**Assignment**: Your answer is the lines below, exactly, from the one that contains "Butterfly Buckle Silicone Watch Band — Black" through the one that contains "N&V Medium Bean", both included.

**Provided material**:
========

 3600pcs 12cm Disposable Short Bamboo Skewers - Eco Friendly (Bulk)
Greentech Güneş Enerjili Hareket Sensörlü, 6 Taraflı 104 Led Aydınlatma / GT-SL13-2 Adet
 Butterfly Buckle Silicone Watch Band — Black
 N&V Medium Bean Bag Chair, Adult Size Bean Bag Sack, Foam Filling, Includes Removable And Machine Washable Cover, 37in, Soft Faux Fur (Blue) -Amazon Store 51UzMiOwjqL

========

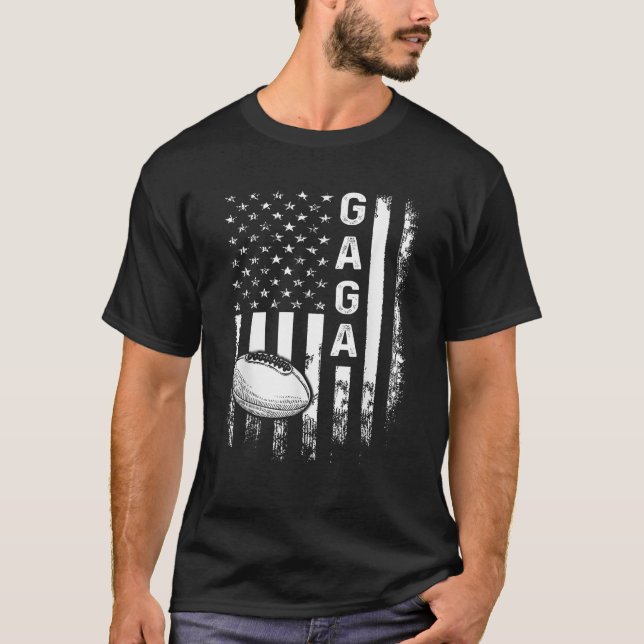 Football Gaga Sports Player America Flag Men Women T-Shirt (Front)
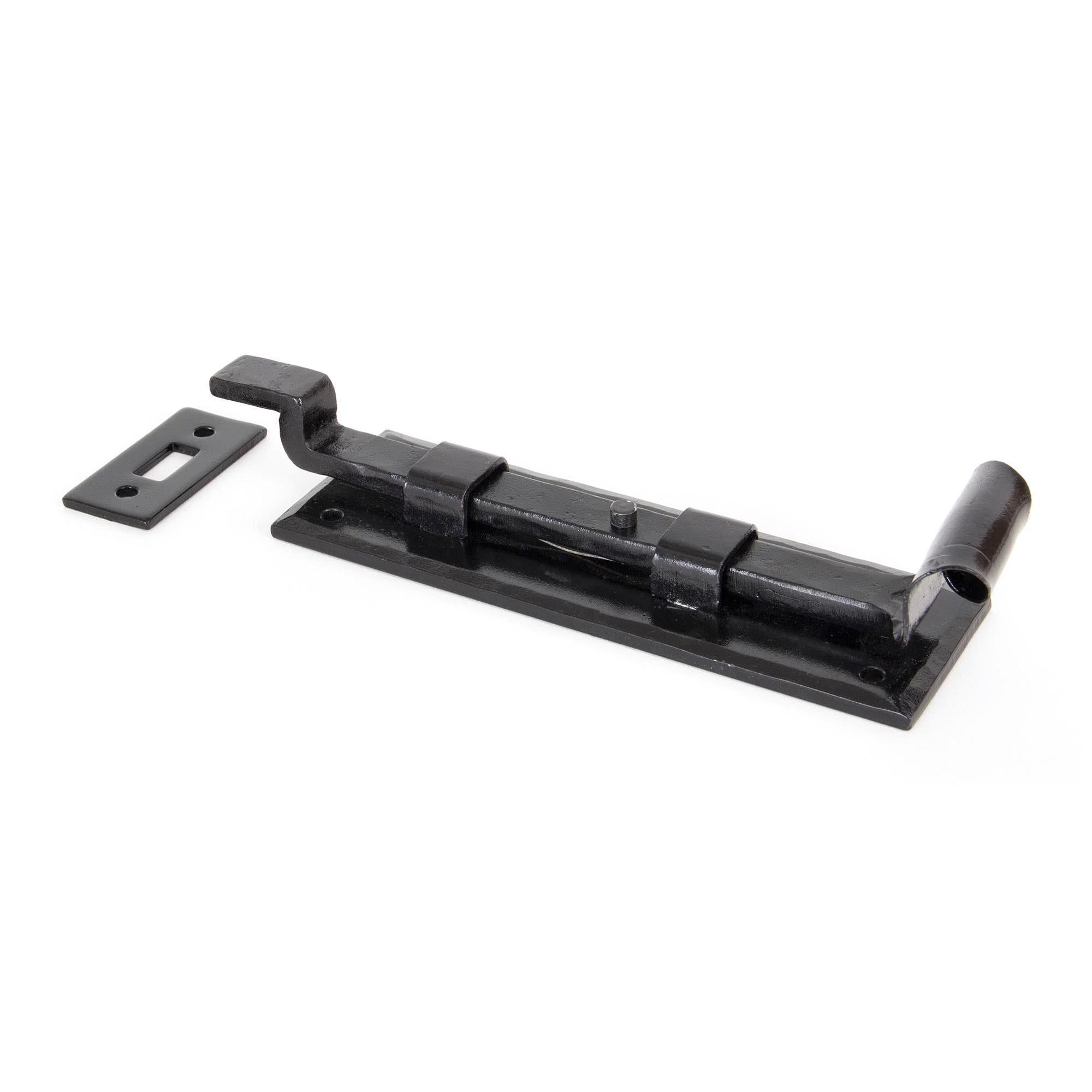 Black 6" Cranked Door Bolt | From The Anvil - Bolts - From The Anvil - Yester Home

========

**Response below**:
 Butterfly Buckle Silicone Watch Band — Black
 N&V Medium Bean Bag Chair, Adult Size Bean Bag Sack, Foam Filling, Includes Removable And Machine Washable Cover, 37in, Soft Faux Fur (Blue) -Amazon Store 51UzMiOwjqL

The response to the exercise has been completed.